[GIVEN INFORMATION Boundary: Start]

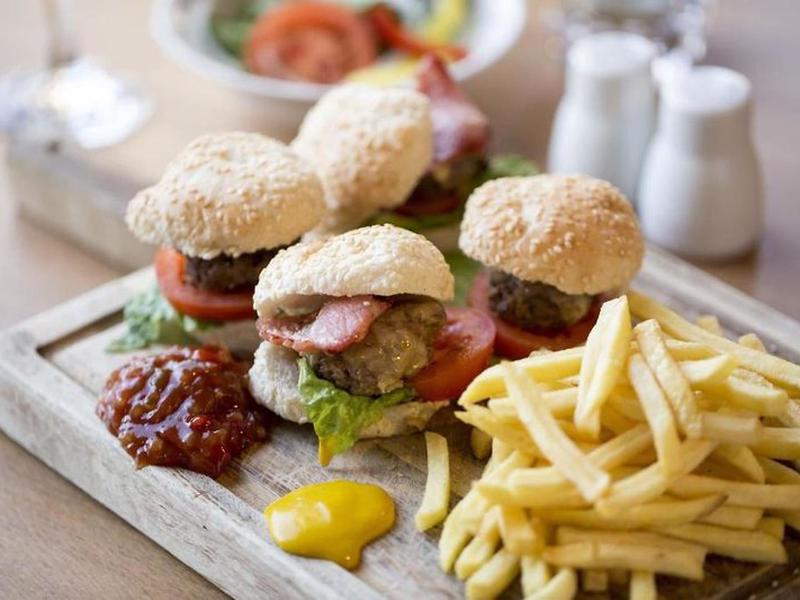 F4CC3B1B26D1181F4CCE5324E6DCFE3B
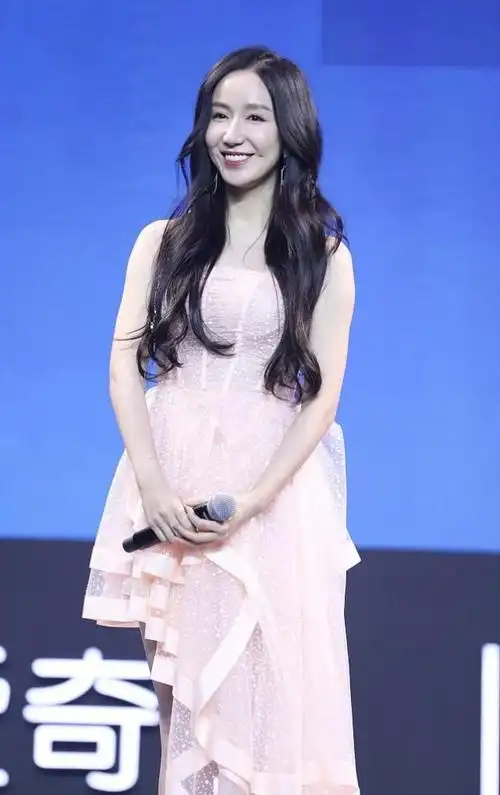 娄艺潇穿纱裙也太仙女了身材曲线真撩人自带优雅端庄气质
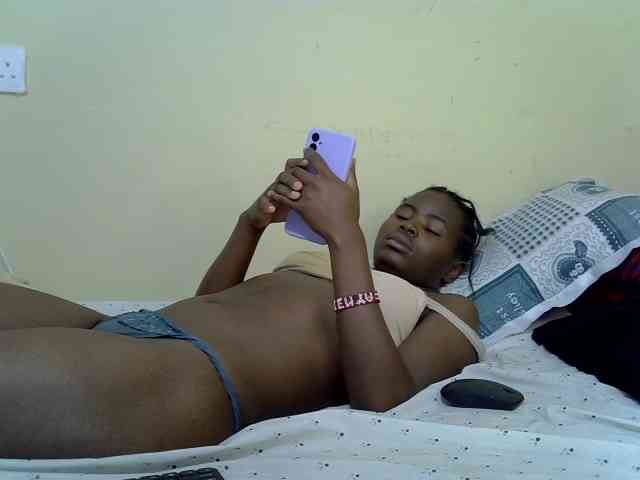 curvy-corazon webcam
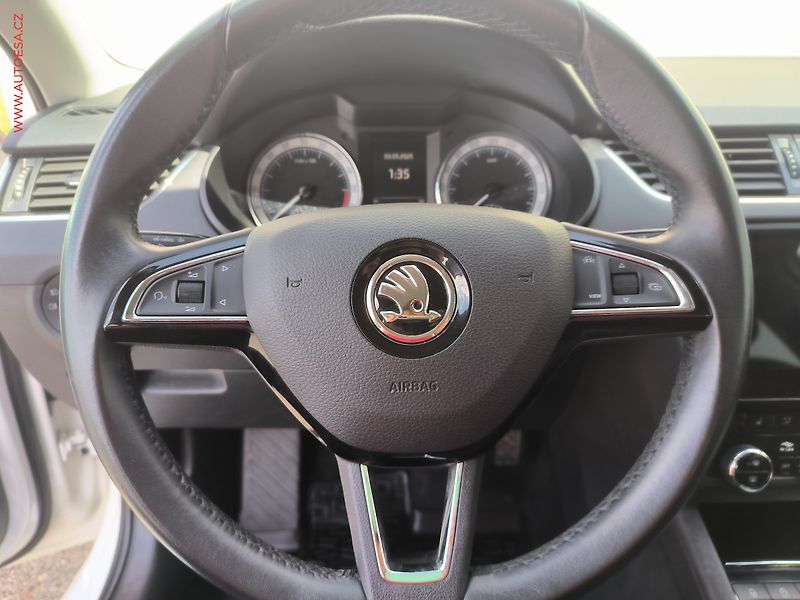 Škoda Octavia (2019) 1.6 TDi, ČR, Style, LED - fotka 18 z 24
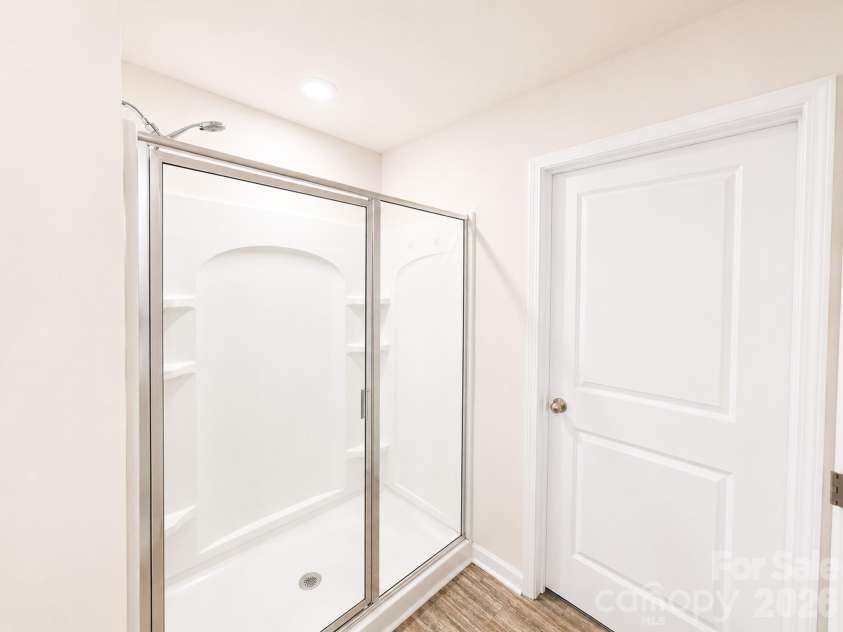 5048 Deisy May Lane, Matthews, NC 28105.  MLS# CAR4386465, YatesRealty ID 31131.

[GIVEN INFORMATION Boundary: End]

● YOUR INSTRUCTIONS
Copy out every entry above verbatim. Leave each picture out.

● OUTPUT OF THE EXERCISE
 F4CC3B1B26D1181F4CCE5324E6DCFE3B
 娄艺潇穿纱裙也太仙女了身材曲线真撩人自带优雅端庄气质
 curvy-corazon webcam
 Škoda Octavia (2019) 1.6 TDi, ČR, Style, LED - fotka 18 z 24
 5048 Deisy May Lane, Matthews, NC 28105.  MLS# CAR4386465, YatesRealty ID 31131.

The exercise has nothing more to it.